» **ASSIGNED TASK**: No pictures belong in the copy, but every line of the material below must be reproduced exactly.

» **DATASET SECTION**:
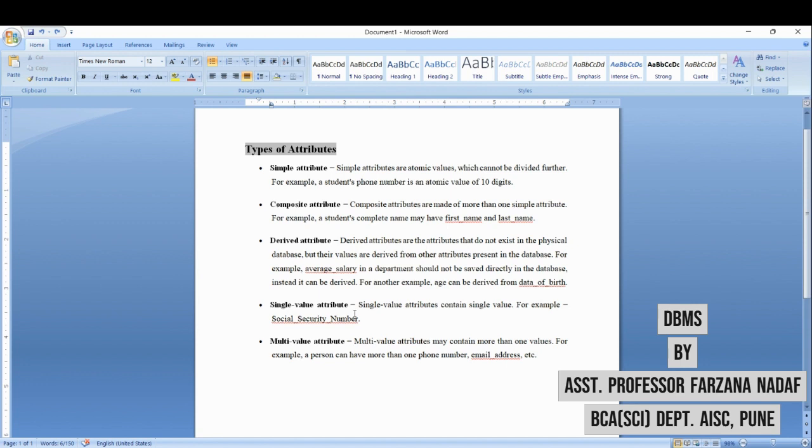Next is single valued attribute. Single valued attributes are the attributes which contain single value, like your roll number, like your name. You have only one name—single value.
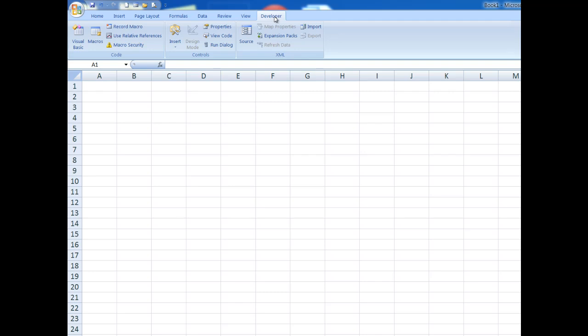So I use the Developer tab, and you'll find in Excel 2010 or Excel 2013 that if you don't have a Developer tab, you will at least have a button up here called Macros. But I'm using Excel 2007.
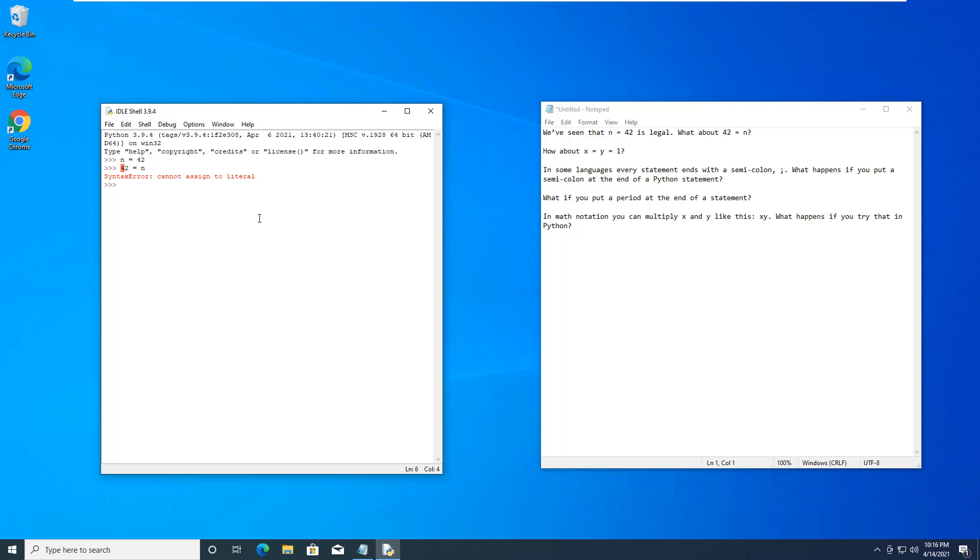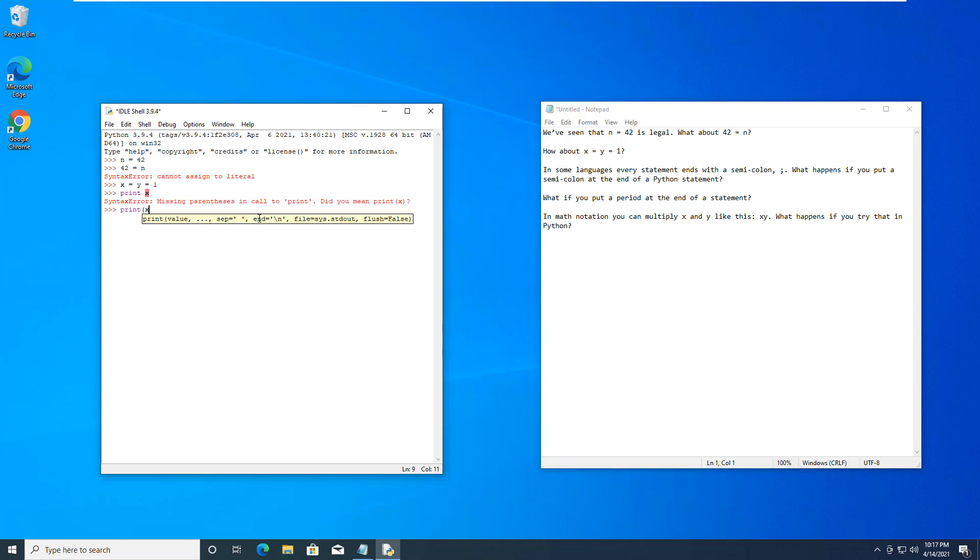Can we assign something like x equals y which equals 1? Yes, we can. Can we define what x and y are? So print x, print y.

» **ANSWER SPACE**:
Next is single valued attribute. Single valued attributes are the attributes which contain single value, like your roll number, like your name. You have only one name—single value.
So I use the Developer tab, and you'll find in Excel 2010 or Excel 2013 that if you don't have a Developer tab, you will at least have a button up here called Macros. But I'm using Excel 2007.
Can we assign something like x equals y which equals 1? Yes, we can. Can we define what x and y are? So print x, print y.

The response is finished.